19Les thématiques étant essentiellement composées de membres de structures collectives, les écueils du système représentatif classique s’y répercutent, ce qui est aussi le cas dans le cadre de la représentation de l’union des habitants ou du syndicat de fonctionnaires municipaux. Cela se fait beaucoup moins sentir au niveau des arrondissements, du fait de la structuration potentiellement informelle et microrégionale des groupes de participants. Dans le cadre du système classique de représentation au sein de l’Assemblée législative municipale, la parité hommes-femmes est loin d’être assurée, puisqu’il y a actuellement moins d’un cinquième de femmes sur un total de 33 vereadores27.

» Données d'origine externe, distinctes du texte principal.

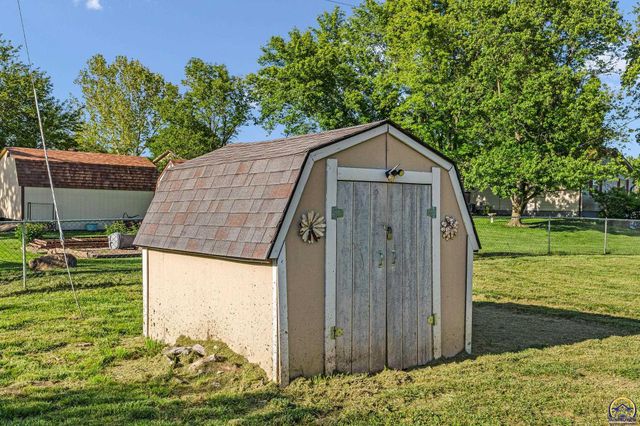550 NW 58th St, Topeka, KS 66617
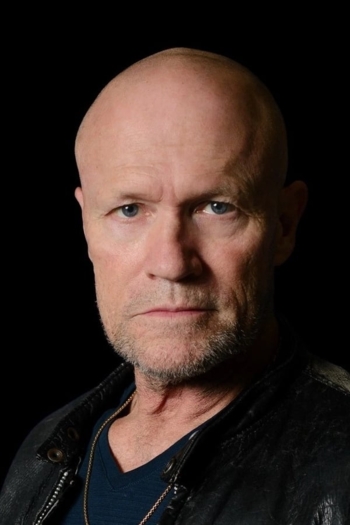 Actor Michael Rooker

20Au sein du processus, la logique majoritaire devient un handicap lorsqu’il s’agit de faire entendre les revendications des minorités ou perçues comme non prioritaires. En ce sens, une lacune apparaît dans le processus. Il s’agit de la difficulté à prendre en compte les demandes émanant des handicapés, des porteurs de maladies spécifiques, des minorités ethniques, culturelles, des femmes ou encore, des groupes de personnes dont les heures de travail sont un frein à la participation au processus, tels les travailleurs de nuit, etc. Pour ces catégories de population, il est techniquement impossible d’avoir voix au chapitre au niveau de la base territoriale quand la logique majoritaire, ou le statut non prioritaire de certaines problématiques, est prépondérante. Il faut reconnaître que les plénières thématiques permettent au moins d’amener ces questions au débat, dans des conditions plus favorables.
Vers une plus grande égalité dans les rapports de genre ?
21Ce constat montre la nécessité de faire exister des canaux de participation parallèles aux instances du budget participatif et spécifiques à des groupes et à des problèmes particuliers – la santé des femmes et la violence au foyer sont parmi ces thèmes psychologiquement complexes à aborder au sein des instances participatives, et même au sein des thématiques. En outre, l’existence de ces canaux parallèles met en évidence le fait que certaines questions ne peuvent être traitées ni par l’utilisation de critères rationnels de hiérarchisation des besoins, ni par le biais de la négociation. La mise sur l’agenda gouvernemental est très clairement le résultat du double mouvement : la présence croissante des femmes au sein des assemblées d’arrondissement du budget participatif – comme au sein d’autres canaux de participation – et l’action de députées municipales.
- 28 I. Young, Justice and the Politics of Difference, Princeton, Princeton University Press, 1990, 294 (...)
- 29 A. Phillips, The Politics of Presence, Oxford, Clarendon Press, 1995.
- 30 Voir, sur ce point la contribution de B. Marques-Pereira, Le genre et les travaux anglo-saxons sur (...)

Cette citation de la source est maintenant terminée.